Au moment d’écrire ce billet, le Canada vient d’élire un gouvernement minoritaire libéral et la carte des résultats électoraux nous montre un pays polarisé autour des enjeux pétroliers et des enjeux d’identité des Québécois qui ne veulent pas d’une fédération qui lui dictera son vivre « ensemble ». Oui, c’est un peu simplifié, mais le propos de mon billet aujourd’hui s’adresse à ceux et celles qui ne savent plus à quel pôle s’accrocher et qui regardent l’avenir avec une inquiétude bien fondée.
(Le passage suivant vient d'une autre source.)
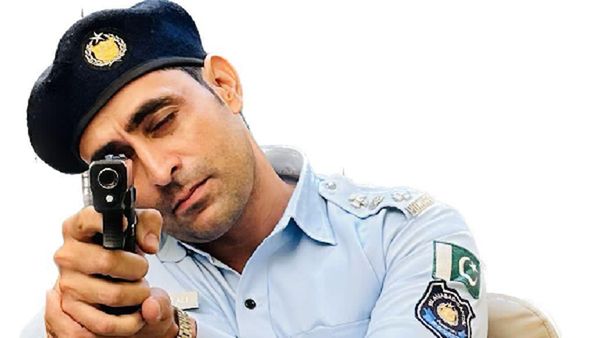 Actor Rohtas Nain Opens Up About His Role in The Diplomat and His Career Journey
Si je me fis à tout ce que j’ai pu lire avant, pendant et après la campagne électorale, je dois admettre que j’aurais évité de voter. À titre de lecteur/trice assidu(e), personne ne sera étonné de ma révolte concernant l’absence des enjeux numériques dans le programme des parties qui loin de s’être résorbée, s’est exacerbée plus que jamais. Dans une ère où la connectivité a complètement sapé le portrait social d’antan avec la vision « tunnel » et la mobidépendance (nomophobie) qui caractérise la plupart d’entre nous, aimanté à nos écrans, comment ne pas s’étonner que nous ayons perdu la vision lointaine. Politiciens, leaders, journalistes et autres influenceurs c’est l’heure du « reality check » ou comment dire… l’heure du réveil a sonné. Diriger, gouverner ou gérer signifie plus que jamais : savoir écouter.
Justin Trudeau dit avoir reçu le message clairement, et qu’il va écouter les Canadiens… Quoi, il était sourd avant? Avouons que peu de leaders savent dire avec humilité ces paroles, mais attendons de voir si ses bottines iront dans le même sens que ses babines. La pression sera forte. Je lui souhaite sincèrement la meilleure des chances, mais surtout le courage de développer certains talents qui lui manquent cruellement pour ce défi titanesque.
La polarisation planétaire des enjeux et des priorités
Qu’ont en commun, la Catalogne, le Brexit, les Gilets jaunes, les révoltes à Hong Kong et au Chili pour ne nommer que celles-ci ? Une profonde scission de la gauche et de la droite, des divergences de vision, de moyens et des lacunes de communication sans précédent. C’est d’ailleurs, le combat des Américains depuis longtemps: ce profond clivage entre la droite et la gauche dirigé actuellement par un président plus à droite qu’adroit.
Oui, tous ces feux démocratiques ont des motifs et des origines différents, mais le point commun est sans l’ombre d’un doute le profond désir de changement ou le profond refus du changement. Qui a tort, qui a raison? Ce billet ne tentera pas de prendre position, rassurez-vous, mais je vais tout de même me permettre d’orienter la réflexion, parce que je suis profondément convaincue que rompre avec le passé est inévitable puisque l’avenir se construit à la vitesse grand V et si nous refusons le TGV du changement, il y aura les feux de la résistance. Tout ça ne sera pas sans conséquence.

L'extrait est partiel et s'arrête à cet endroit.